During 1960–1963, while Ibn-e-Safi was suffering from schizophrenia, many amateur writers started posing themselves as Ibn-e-Safi and produced third class copies of his work, distorting the character of not only Ali Imran, but also of Colonel Faridi and Captain Hameed. These acts of vandalism were reported by Ibn-e-Safi himself in the preface of Daidh Matwaalay (One and a Half Amused – #42), the book he returned with after his recovery. Some writers and publishers still continue to write on Safi's characters, much to the annoyance of many fans. Safi used to mention fans' complaints sometimes in the prefaces, and mocked the fake publishers and writers in his own witty style.
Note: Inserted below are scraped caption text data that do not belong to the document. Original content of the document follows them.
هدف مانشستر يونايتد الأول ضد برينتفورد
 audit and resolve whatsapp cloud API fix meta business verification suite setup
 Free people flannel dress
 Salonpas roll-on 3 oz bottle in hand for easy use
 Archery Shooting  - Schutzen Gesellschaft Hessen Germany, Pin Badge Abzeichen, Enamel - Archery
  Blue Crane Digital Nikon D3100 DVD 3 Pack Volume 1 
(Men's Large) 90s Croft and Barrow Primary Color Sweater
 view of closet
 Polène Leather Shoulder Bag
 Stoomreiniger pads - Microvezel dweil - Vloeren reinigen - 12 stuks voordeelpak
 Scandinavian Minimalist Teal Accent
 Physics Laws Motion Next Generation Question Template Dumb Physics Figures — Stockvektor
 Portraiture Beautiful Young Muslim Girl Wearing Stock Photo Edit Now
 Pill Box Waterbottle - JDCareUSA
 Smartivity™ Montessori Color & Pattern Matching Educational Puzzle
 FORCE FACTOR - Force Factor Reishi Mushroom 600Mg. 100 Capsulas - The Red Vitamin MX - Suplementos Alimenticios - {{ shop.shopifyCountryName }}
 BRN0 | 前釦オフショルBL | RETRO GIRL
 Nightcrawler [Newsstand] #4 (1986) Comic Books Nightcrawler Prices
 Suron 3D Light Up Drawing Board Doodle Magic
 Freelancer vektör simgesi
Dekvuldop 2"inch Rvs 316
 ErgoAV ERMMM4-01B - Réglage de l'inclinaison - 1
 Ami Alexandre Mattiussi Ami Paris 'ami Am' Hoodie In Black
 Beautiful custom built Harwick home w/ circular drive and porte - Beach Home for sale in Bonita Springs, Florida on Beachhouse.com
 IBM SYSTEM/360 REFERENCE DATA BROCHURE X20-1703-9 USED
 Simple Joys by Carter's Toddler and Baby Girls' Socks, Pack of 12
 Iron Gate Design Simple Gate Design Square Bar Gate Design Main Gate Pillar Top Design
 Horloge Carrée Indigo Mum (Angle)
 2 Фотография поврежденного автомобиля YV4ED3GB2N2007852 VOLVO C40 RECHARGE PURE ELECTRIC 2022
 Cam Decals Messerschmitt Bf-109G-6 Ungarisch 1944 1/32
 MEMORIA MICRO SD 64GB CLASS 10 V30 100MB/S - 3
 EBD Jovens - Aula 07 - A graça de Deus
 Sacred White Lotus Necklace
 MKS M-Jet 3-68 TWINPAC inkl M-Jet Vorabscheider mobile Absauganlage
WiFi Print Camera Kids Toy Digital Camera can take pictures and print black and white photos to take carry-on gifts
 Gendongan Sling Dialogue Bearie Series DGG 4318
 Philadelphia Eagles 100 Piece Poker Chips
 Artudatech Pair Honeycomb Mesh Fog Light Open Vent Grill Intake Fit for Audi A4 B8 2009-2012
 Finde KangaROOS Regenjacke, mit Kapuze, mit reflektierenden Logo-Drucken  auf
During Ibn-e-Safi's life, many writers started writing on his characters illegally, and many writers continued to write even after Ibn Safi's death, such as MA Rahat, S Qureshi, Mazhar Kaleem, Safdar Shaheen, MA Peerzada, Mushtaq Ahmed Qureshi, MS Qadri, Zaheer Ahmed (Author), Jahanzeb Aziz, Ibn-e-Rahat, Ali Nawazish, Irshad Alaser Jaferi, Syed Ali Hassan Gillani etc. Ayne Safi (N Safi), MA Sajid, Ibne Kaleem, Nasir Javed, Azhar Kaleem, Humayun Iqbal, writes books in the series, and has introduced many new characters in the series.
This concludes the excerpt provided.